This past weekend Chief Justice Beverly McLachlin addressed CBA members at the legal conference in Calgary, Alberta. A complete copy of the speech is available here via National Magazine, and my live broadcast via Periscope is available here.
She addressed her continuing concerns about access to justice, but focused on the change already underway in the profession. She told a lawyer joke, which she admittedly refrains from doing,
“How many lawyers does it take to change a light bulb?”, it goes. The answer, “What’s change?”
I prefer the response to the question, “How many psychiatrists does it take to change a light bulb?” The answer, “One, but the light bulb has to want to change.”
The change McLachlin was referring to was driven primarily by the digital revolution.
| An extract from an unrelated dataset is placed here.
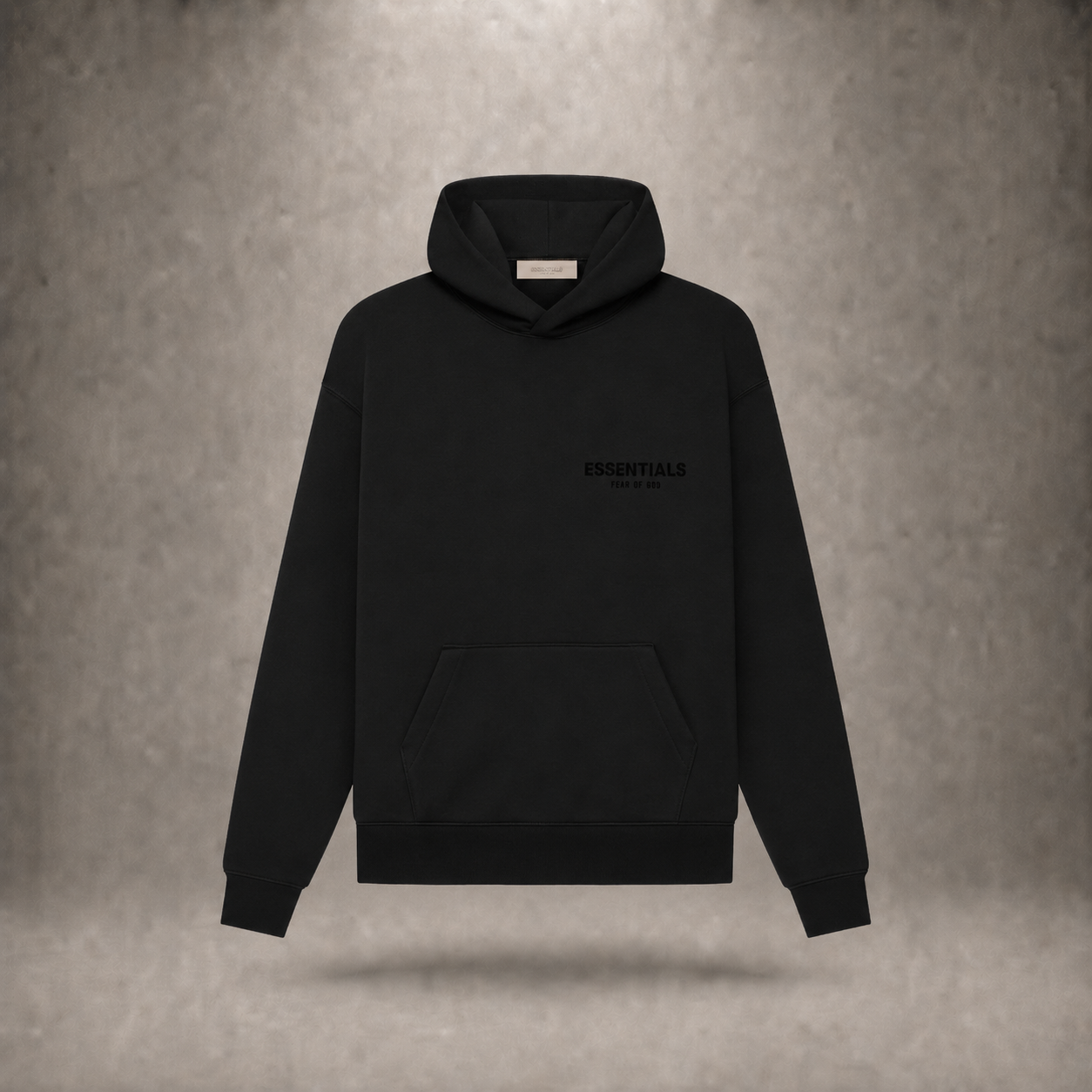 3SSENTIALS Hoodies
The impact of these technologies included:
- obtaining services that in the past only lawyers could deliver, primarily online
- the public demands legal services with greater speed and efficiency, and at less cost
- challenges to the monopoly of legal services by lawyers
Instead of responding to this internal discontent and external critiques with bleakness, lawyers should be looking at the incredible promise that these opportunities pose to the profession. Changes to the profession may also give rise to greater satisfaction in the profession. McLachlin described the vision of the legal practice of the future:
Consider the traditional legal office. Electronic communication with clients and colleagues frees lawyers from the need to huddle together in the same physical space, permitting more flexible work places and raising the possibility of the virtual law office. Such arrangements may increase efficiency, allow lawyers to reach clients they might otherwise not reach, and provide flexibility to people who for family or other reasons find it difficult to check into a distant office each morning and stay there the entire day. Once more, the key lies in finding the right balance – in this case the balance between the value of personal interaction and more flexible working arrangements.
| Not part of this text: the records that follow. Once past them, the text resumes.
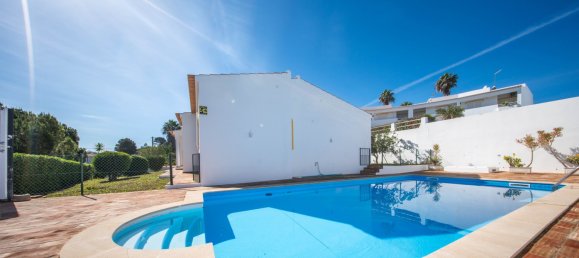 Вилла с 4 спальнями в Поршеш, Португалия № 29598 4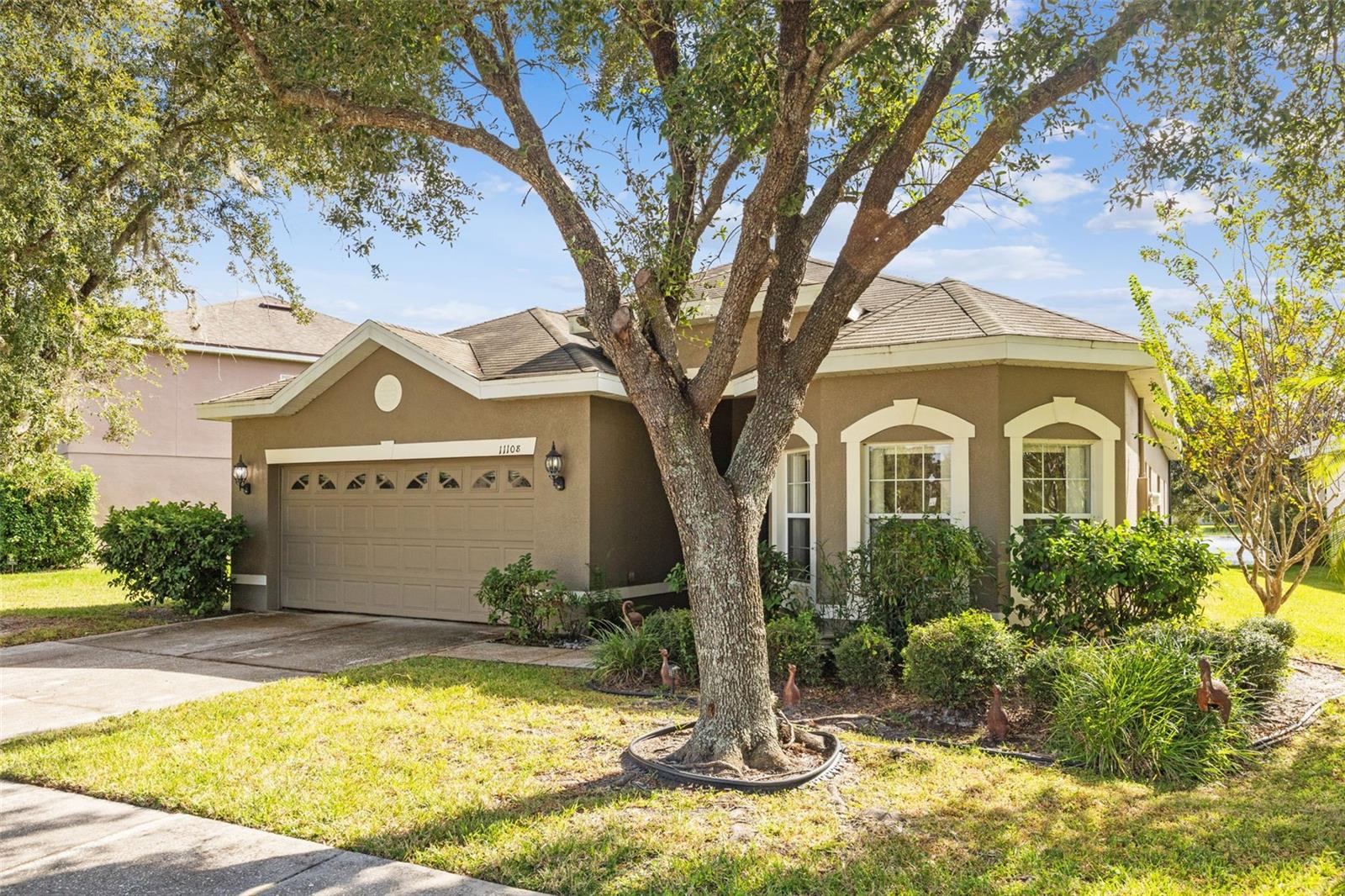 11108 CYPRESS TRAIL DRIVE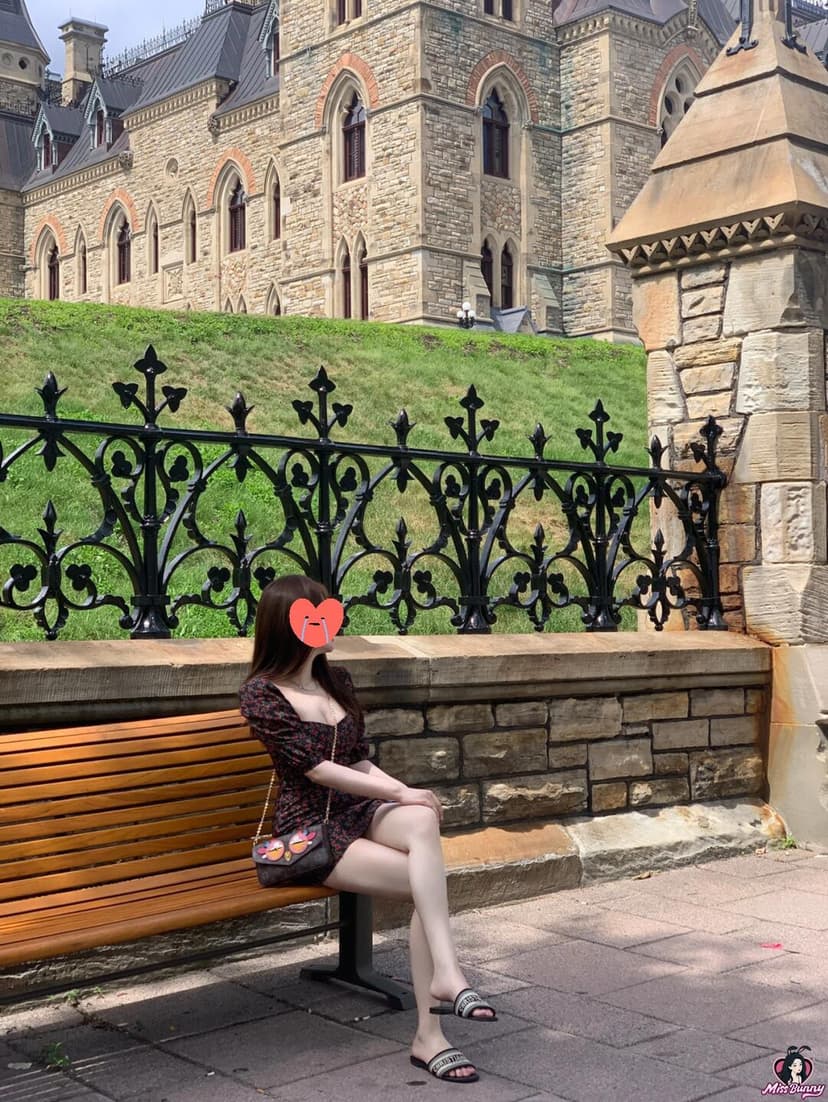 Miss小花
Glen Kauth of Canadian Lawyer explained the significance of these comments for the CBA and the bar generally,
The comments come as the CBA itself faces significant change as it considers its Rethink process aimed at reinvigorating the organization to make it more relevant to lawyers. It was a theme incoming president Janet Fuhrer emphasized in her remarks to the CBA council yesterday.
“Every aspect of what we do is on the table and under the microscope,” said Fuhrer, who called on lawyers to embrace the CBA’s Legal Futures, Equal Justice, and Rethink efforts underway. “If we are unable to revise ourselves, then we risk irrelevance.”
Despite those challenges, Hollins noted the CBA has continued to play a significant role.
Although much of what was covered by this speech is already familiar with those of us following trends in the legal profession, to hear the Chief Justice express her thoughts on the subject validates much of what we have been discussing. It directs the bar, including the skeptics on the sidelines, to join the rest of us in the transformation of the profession.
The change is already underway, and McLachlin challenged all of us to be visionaries as to where this change may lead. But first, the profession has to want to change.